◆ What is being asked ◆
Transcribe the whole listing below. Pictures do not go in the copy.

*** Opening Input material ***

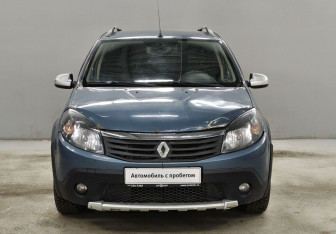 Подержанный автомобиль Renault Sandero 2012 года (2 фото)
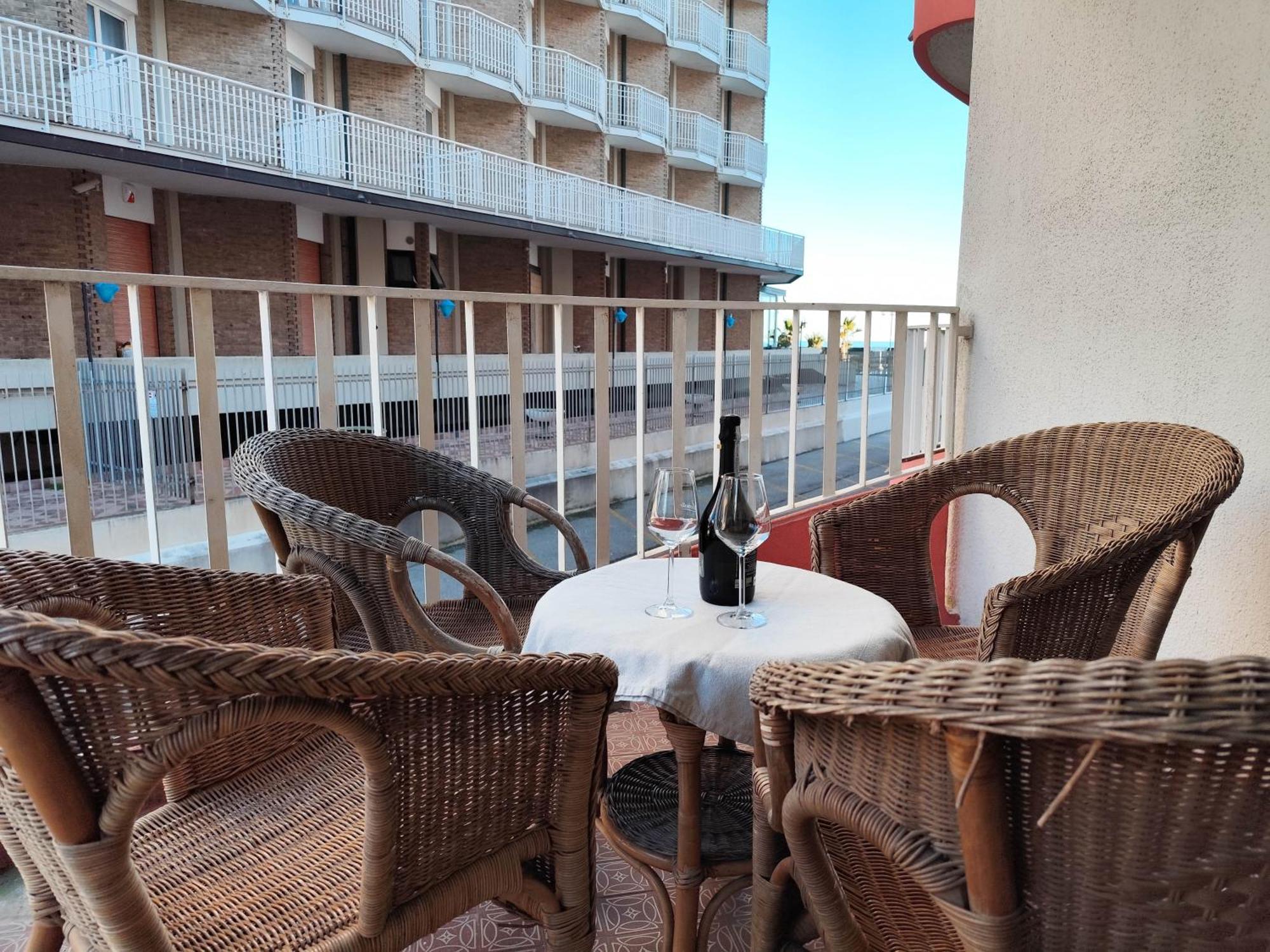Apollo Fronte Mare Lejlighed Lido di Jesolo Eksteriør billede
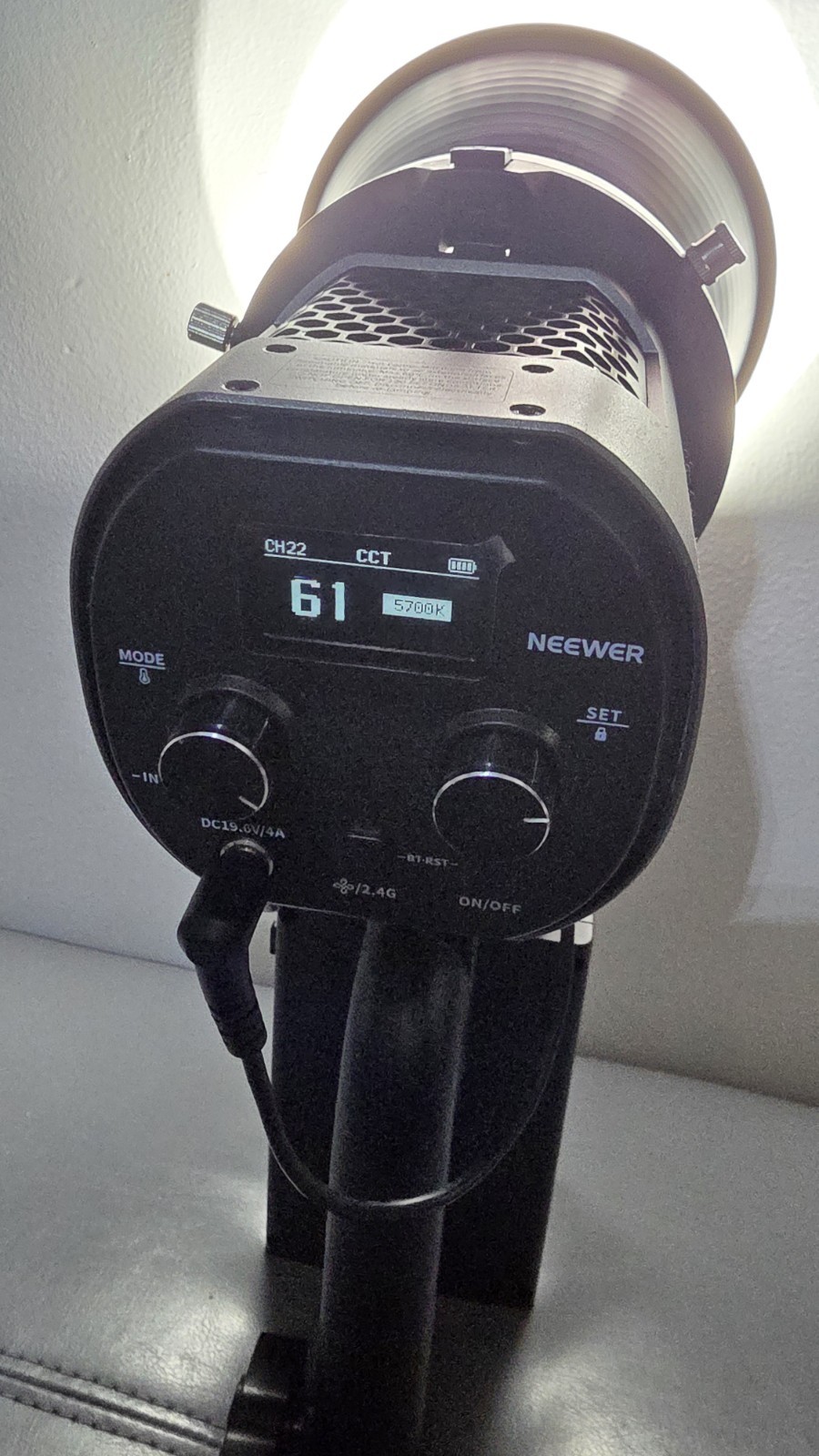 NEEWER MS60B 65W LED Light w/App, Bowens Mount, 2700K-6500K, Silver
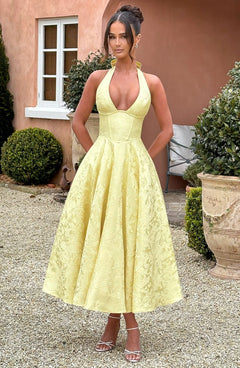 Ava - Chic V-Neck Backless Dress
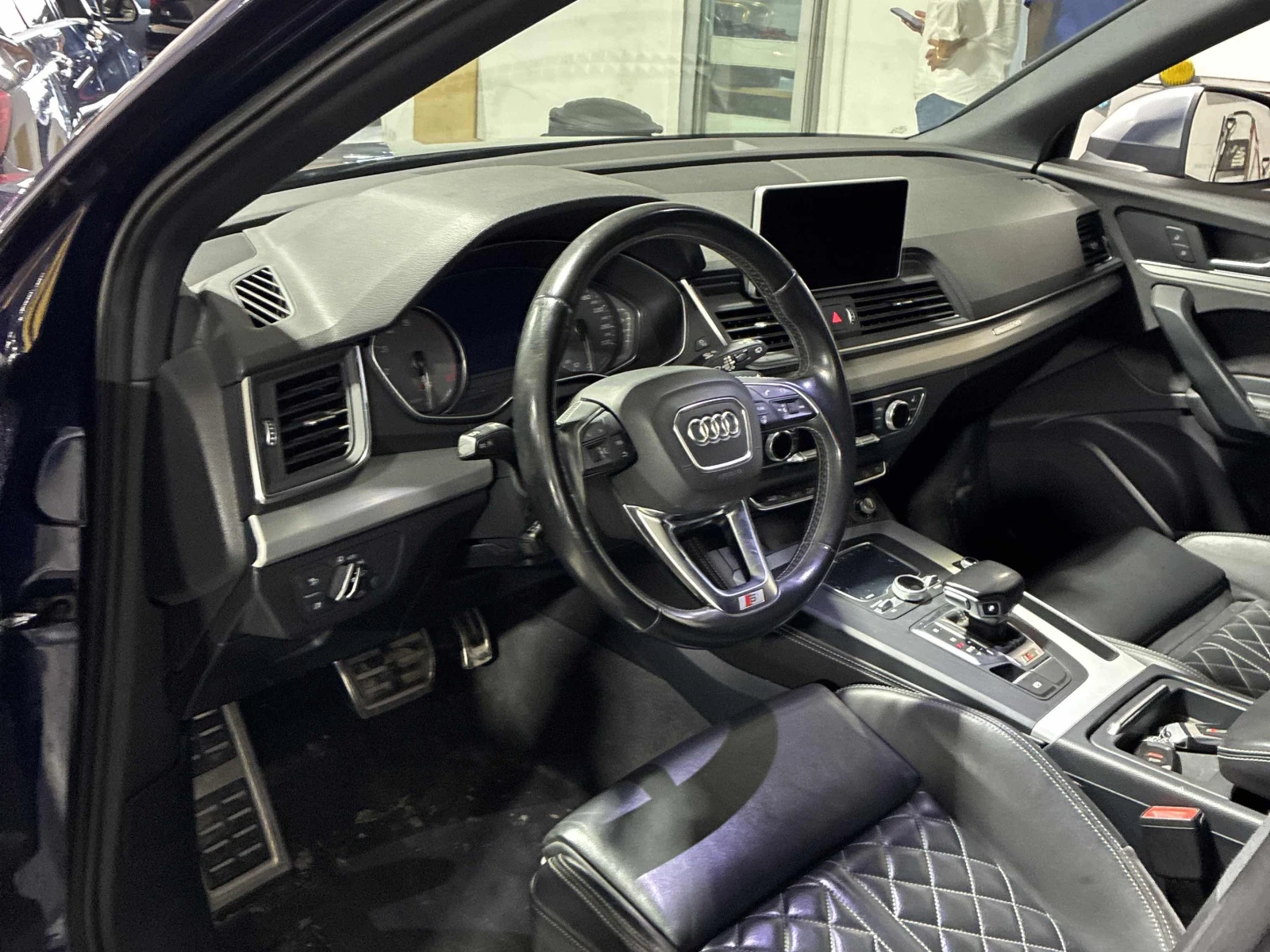 Audi SQ5 Progressiv, снимка 5 - Автомобили и джипове - 55721502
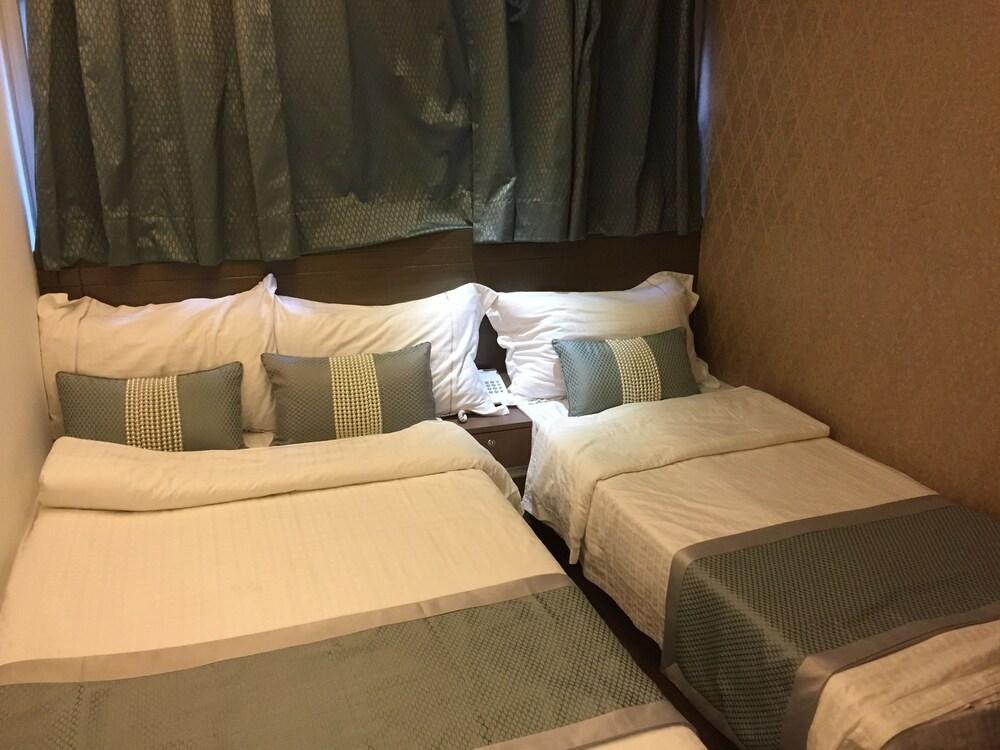 Seasons Hotel - Causeway Bay Room Type - Triple Room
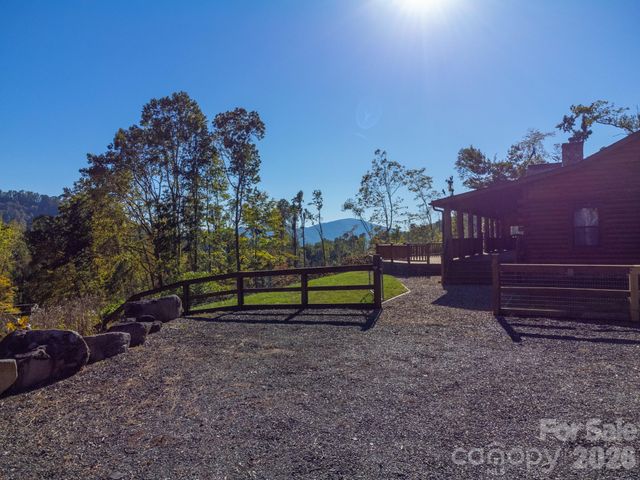 2811 Poplar Creek Road, Green Mountain, NC 28740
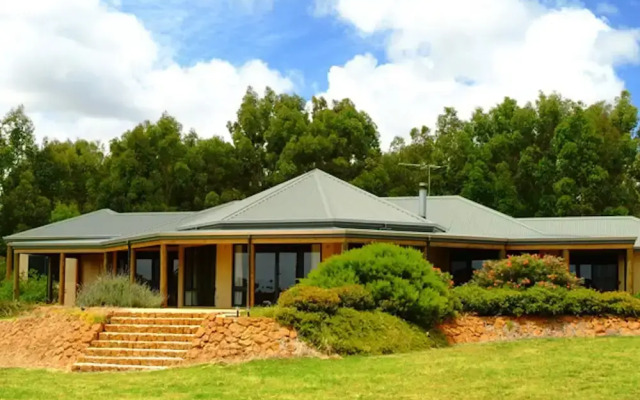 Rural Hideaway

*** Closing Input material ***

◆ Solution for this exercise ◆
 Подержанный автомобиль Renault Sandero 2012 года (2 фото)
Apollo Fronte Mare Lejlighed Lido di Jesolo Eksteriør billede
 NEEWER MS60B 65W LED Light w/App, Bowens Mount, 2700K-6500K, Silver
 Ava - Chic V-Neck Backless Dress
 Audi SQ5 Progressiv, снимка 5 - Автомобили и джипове - 55721502
 Seasons Hotel - Causeway Bay Room Type - Triple Room
 2811 Poplar Creek Road, Green Mountain, NC 28740
 Rural Hideaway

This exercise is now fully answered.